> Supplied entries:
-*-*-

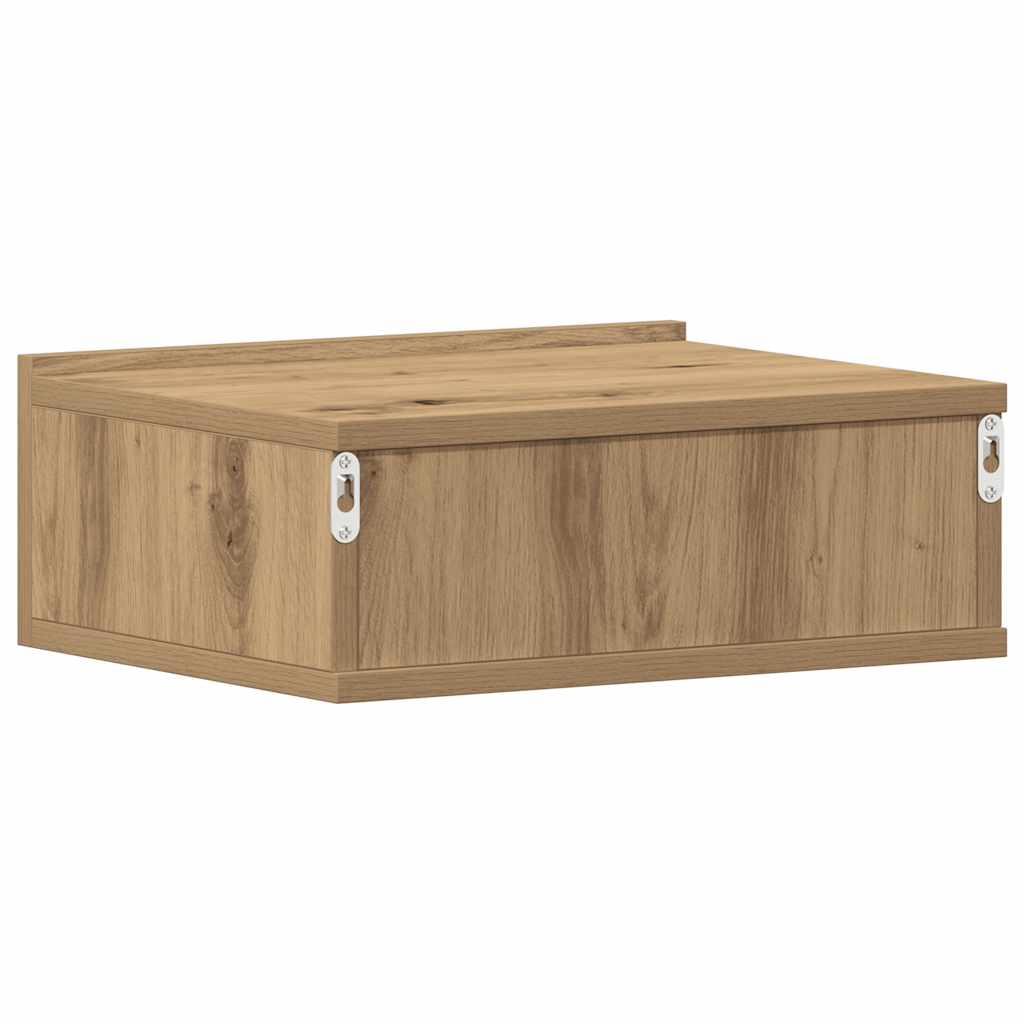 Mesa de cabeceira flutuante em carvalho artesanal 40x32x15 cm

-*-*-

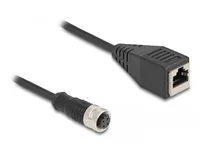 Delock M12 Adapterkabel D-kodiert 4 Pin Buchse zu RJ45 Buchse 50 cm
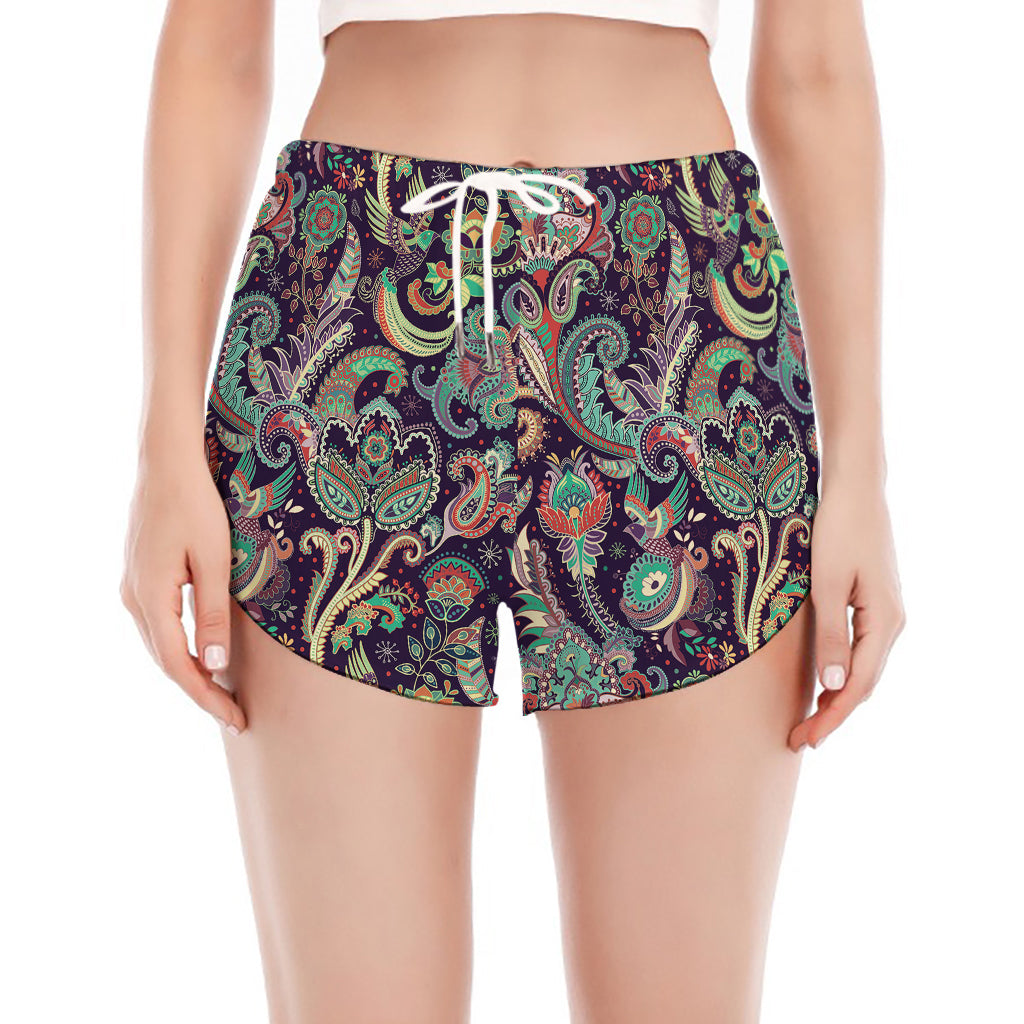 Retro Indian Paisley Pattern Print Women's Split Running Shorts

-*-*-

With the pictures omitted, copy the entries above exactly from the line containing "Delock M12 Adapterkabel" through the line containing "Retro Indian Paisley", both lines included.

 Delock M12 Adapterkabel D-kodiert 4 Pin Buchse zu RJ45 Buchse 50 cm
 Retro Indian Paisley Pattern Print Women's Split Running Shorts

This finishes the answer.